Your capacity to repay a home loan may get affected in the long run if you get carried away by the latest offers from lenders. A study by R.P. Deshpande

This article is the third in the four-part series that is attempting to focus on the repercussions intrinsic to ‘extended tenures’ offered newly in the home loan segment.

The website of State Bank of India advises people on how to become eligible for a higher quantum of loan and suggests the following:

* Add income of your spouse/son/daughter

* Add expected rental income of property to be funded

* Add depreciation

* Add regular income from other sources

Let us analyse how it will help the applicant to get a higher loan amount by adding these incomes and how it will affect repayment later.

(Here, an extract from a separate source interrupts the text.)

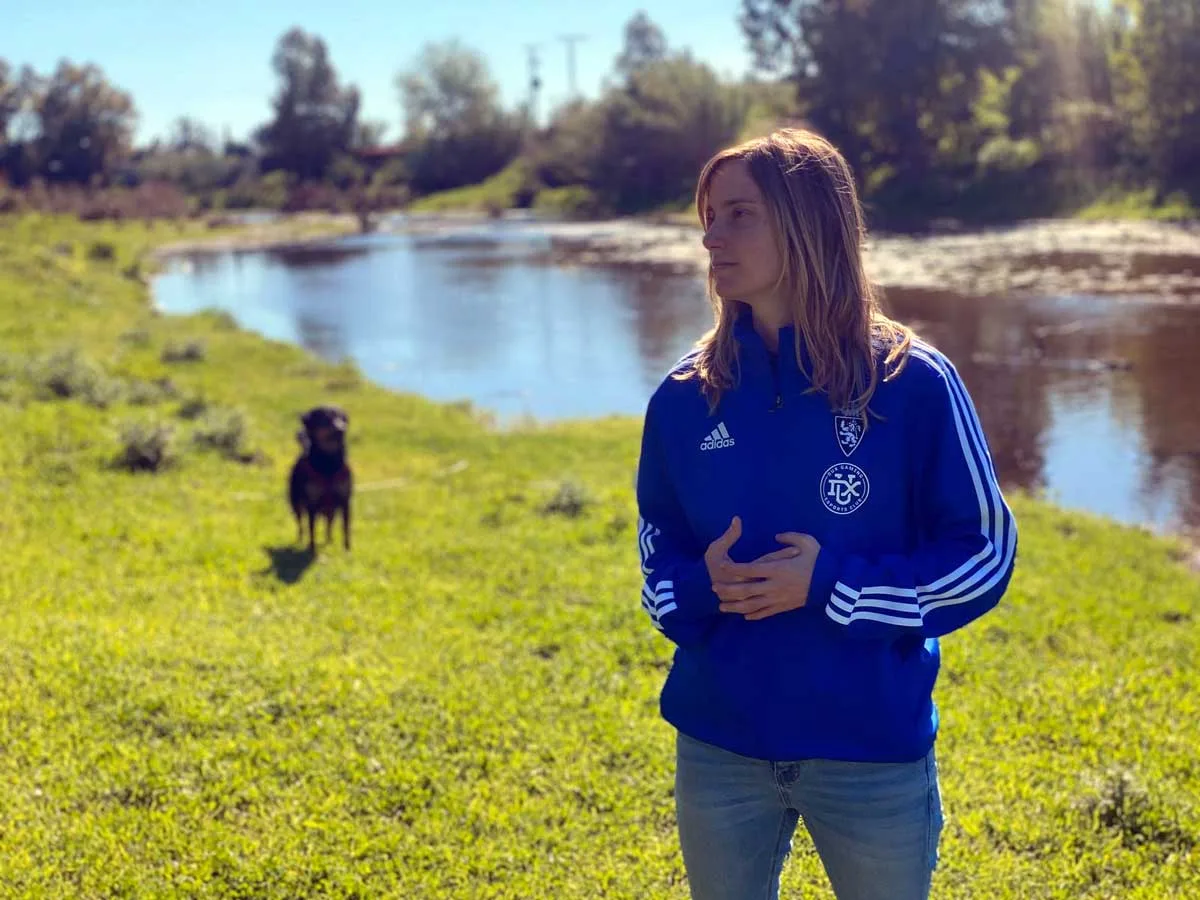 LaurixGames: "I am very proud to have paved the way for other women in FIFA"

Since the loan eligibility depends on the cost of property to be acquired (normally loan amount is limited to 80 per cent of property cost, i.e., loan to value ratio of 80 per cent) and on the repayment capacity of applicants (normally EMI would be limited to 50 per cent of net income of applicant), adding income of family members would increase the loan eligibility.

Let us take the example of Prakash, who is 40 years old with a salary of Rs. 30,000 p.m, has zeroed in on a house costing Rs. 30 lakh and is looking for a home loan of Rs. 24 lakh. On his income, his loan eligibility works out to 15 lakh with an EMI of Rs. 14,476 at 10 per cent interest. His wife, 35 years old, is a teacher in a Government-run school and draws a salary of Rs. 20,000 pa. If her income were to be added to the income of Mr. Prakash, he would be eligible for the required loan of Rs. 24 lakh. Then the EMI would be Rs. 23,161, which would be 46 per cent of combined income.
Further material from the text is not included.